Friday 13 March 2009

Guangzhou airport and train station to Hong Kong

The flight eventually took off at 1:10am, over an hour later than originally planned and so by the time we landed it was around 2am and the point of staying in a hotel near the airport shrunk. It shrunk even further when we had to board a mini bus upon exitting the plane and it seemed to skirt the entire airport and twenty minutes later we were still riding it.
By the time I managed to collect my luggage and find the airport hotel it was already gone half past two and so it was a complete shocker when the hotel night receptionist smiled sweetly at me and said that the cheapest room we had for the night was 800 CNY. Realising that that was more than double the cost of my flight and that I would be there a total of less than five hours I did try and haggle but he seemed quite firm and was not going to budge even a hundred. The good news was that he spoke great English, the bad news for me was that 800 was too much for so little time, all of it spend fast asleep, so I made the hard decision to spend my second overnight stint in an airport in China.
I found that ths airport was huge, the security guards took turns sleeping in the waiting areas while their buddies circling the building and that the only place open 24 hours was a tiny restaurant that was called the Kungfu and had large images of Bruce Lee as its main advertising logo.
I tried to doze a few times but the circling mosquitos seemed to find me wherever I chose to lay down. In the end I came up with the solution to cover my head with a t-shirt to avoid getting bitten while sleeping on my rucksack against a corner, which did indeed prevent them from biting my face but I forgot to double up my socks and so my upper ancles were bitten to high heaven and it occured to me that this was the other reason to have chosen the hotel was to get a proper heated and bug free hotel room.
A little after 4am I finally managed to fall asleep only to be rudely woken by the airport lights coming back on around 5:45am as the airline staff all came in preparing for a new day, getting breakfast and open up shops.

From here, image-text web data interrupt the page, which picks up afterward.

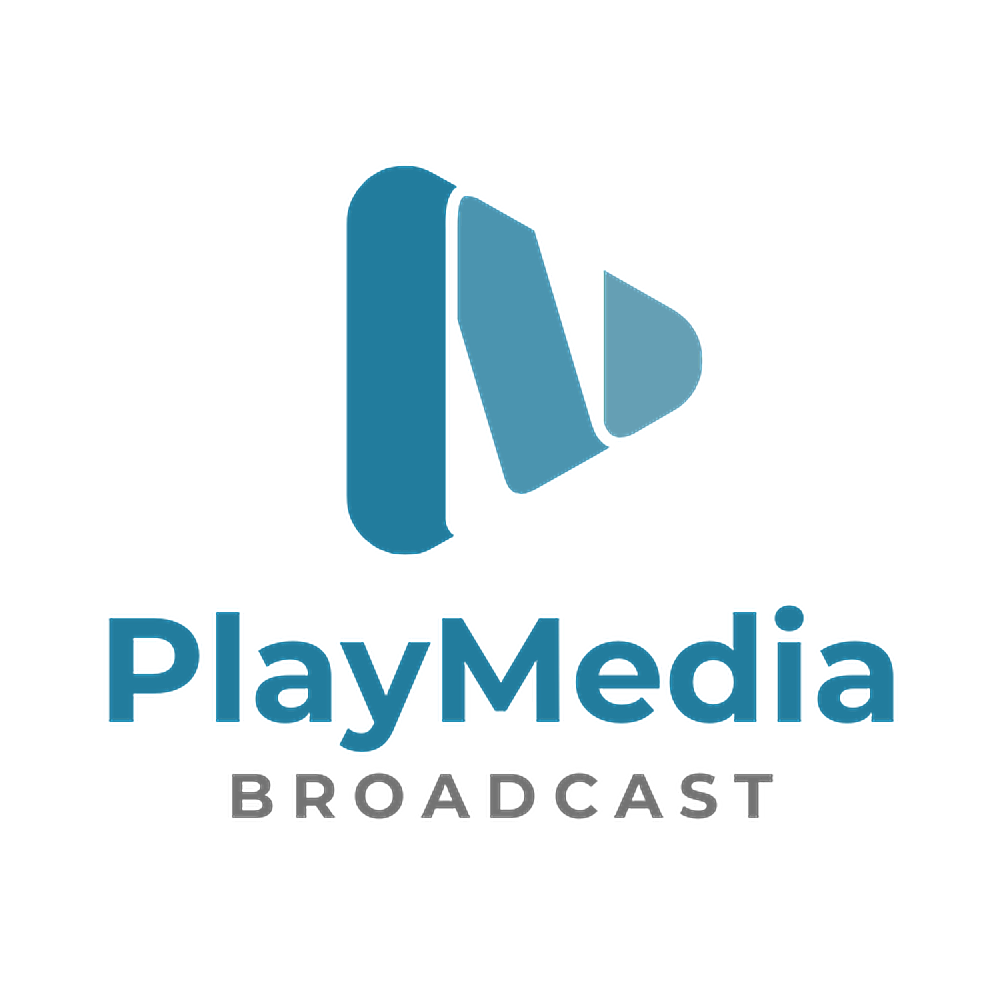 PlayMedia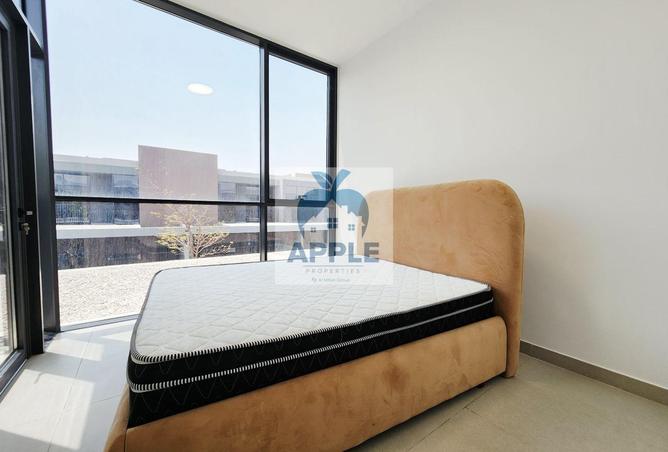 145502127 - Property Image 2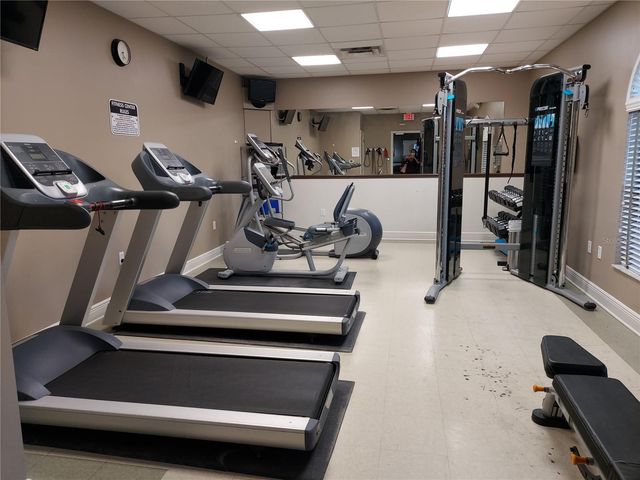 3124 HILLIARD DRIVE, Wesley Chapel, FL 33543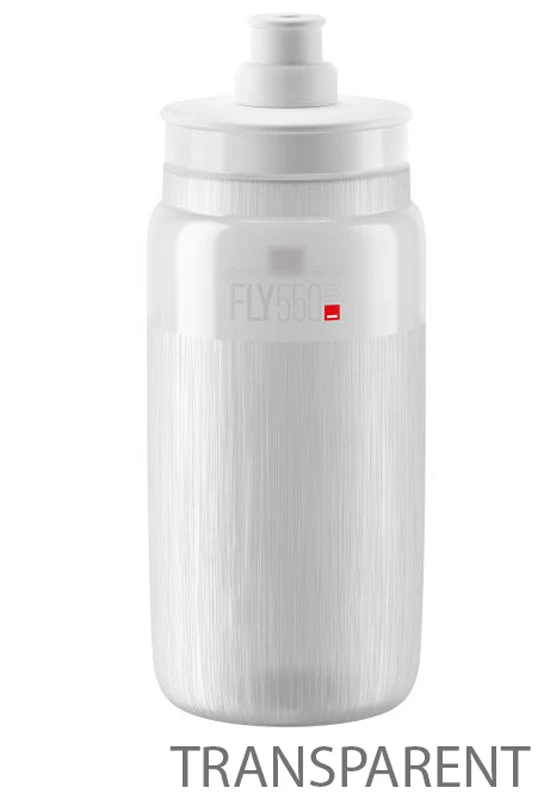 Elite Gourde Fly Tex 550ml – Image 6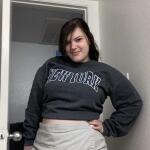 WorshipJenna avatar
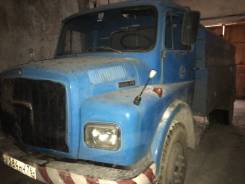 Tata. Продается каналопромывочная установка на шасси автомобиля ТАТА, 1985, 11 200 кг.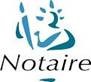 NOTAIRES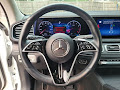 2024 Mercedes-Benz GLE GLE 350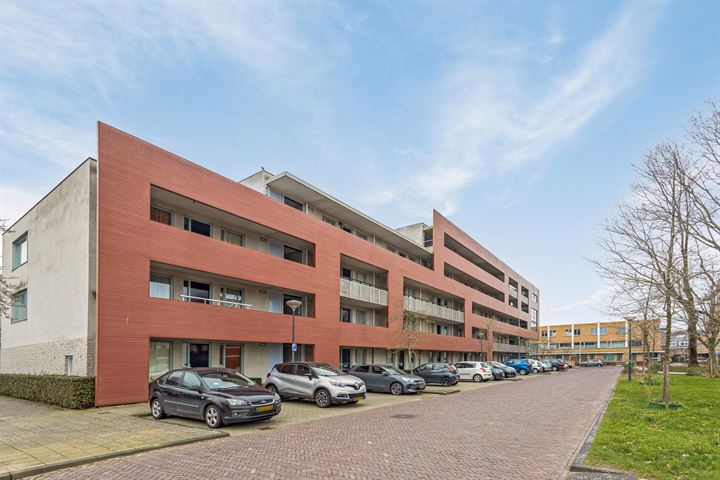 Bekijk foto 30 van Eijmerspoelstraat 74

I made the mistake of going to a airport cafe for breakfast and spent more than the cost of a room elsewhere for a simple ham and two eggs plus a moccachino and I although other places around the world have got behind different varieties and brands of coffee and tea they are still a long way behind Europe when it comes to hot chocolate!

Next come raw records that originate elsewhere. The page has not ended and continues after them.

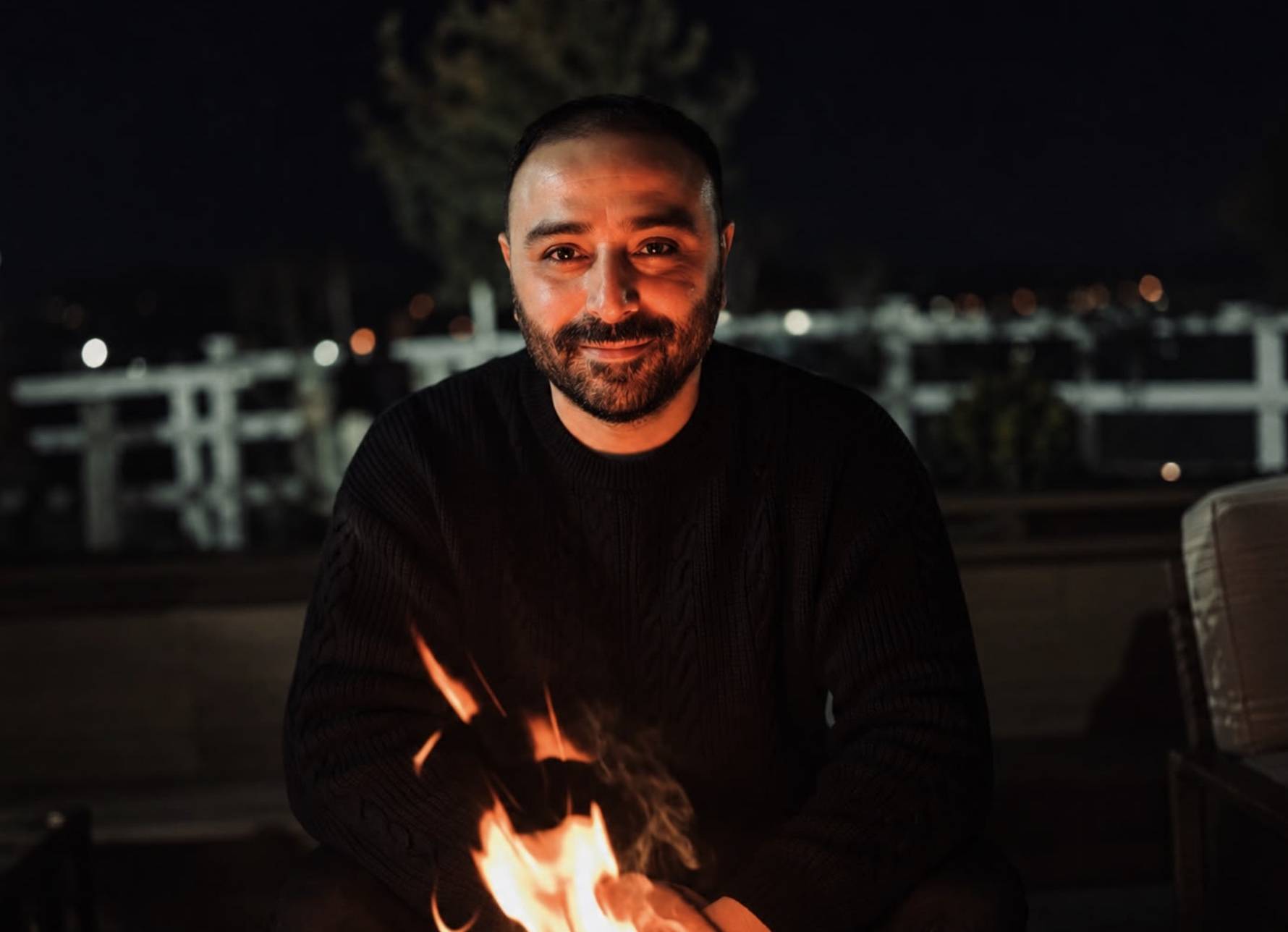  Uğur İşleyen “Artık İşletmelerin En Büyük Şubesi İnternet Oldu”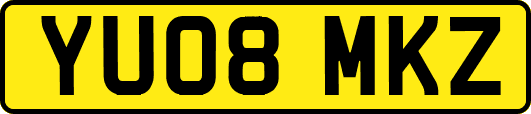 YU08MKZ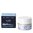 BTB13 Overnight Dew Hydra Mask -yönaamio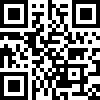 https://en.abna24.com/x9BhP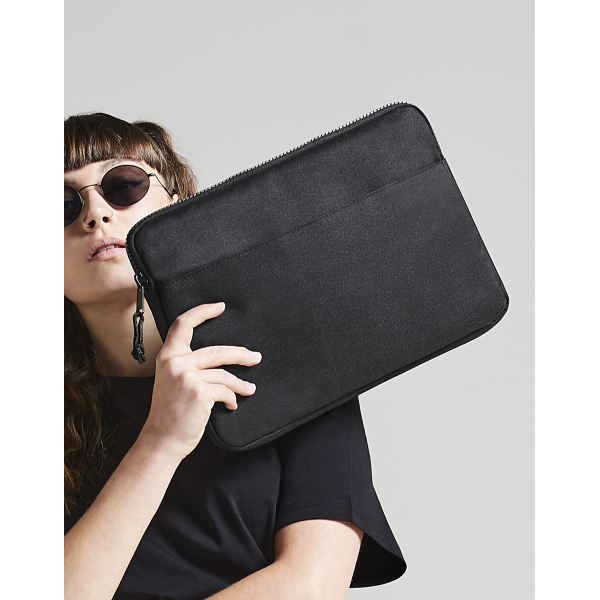 Essential 13" Laptop Case Bag Base BG67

Unlike Guillin city, there were plenty of people here in the airport that spoke enough English to help me that worked in the restaurants, pity the information desks were not so similarly multilingual. It took me over an hour, three seperate information desks and two managers before they finally understood that I didnt want to fly to Hong Kong but simply get to the train station.

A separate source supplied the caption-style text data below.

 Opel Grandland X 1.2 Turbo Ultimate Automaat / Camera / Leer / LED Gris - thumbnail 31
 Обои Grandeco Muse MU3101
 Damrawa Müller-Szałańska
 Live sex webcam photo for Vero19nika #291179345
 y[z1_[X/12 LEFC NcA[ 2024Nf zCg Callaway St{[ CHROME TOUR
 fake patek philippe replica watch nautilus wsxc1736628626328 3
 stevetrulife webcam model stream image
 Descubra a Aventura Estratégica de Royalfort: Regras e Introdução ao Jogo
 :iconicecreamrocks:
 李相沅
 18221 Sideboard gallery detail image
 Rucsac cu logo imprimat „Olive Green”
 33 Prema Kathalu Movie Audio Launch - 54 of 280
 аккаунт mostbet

Eventually I was given a post it wrote with the directions written on it for the bus driver, had to wait at platform 6 for a bus that goes to the train terminal ( at a cost of CNY 20 ) and then another 50 minutes for the coach to reach the station.
There were are a few signs directing me to the ticket office and ultimately it was very easy to buy a ticket that went from here to Kowloon for 168 CNY, which then just needed  trip up to the 4th floor before passing through immigration and then boarding. Unluckily I was sat opposite the fidgitting child who loved to move about, bash my legs at every available opportunity and make lots of high pitched screaming so even with ear plugs there was little to no chance of me getting a bit of kip before arrival.
The two hours flew past and so did customs at Hong Kong, which then allowed me to pick up some leaflets and feel a bit sick as there in plain view was a way to take a train direct from here to Shanghai, with me only yesterday night buying my non-refundable flight ticket. Doh, oh well, how was I to know that while China was as disorganised as a centipede trying to do up his shoe laces Hong Kong is as organised as a cheater on exam day with a copy of the answers in his back pocket.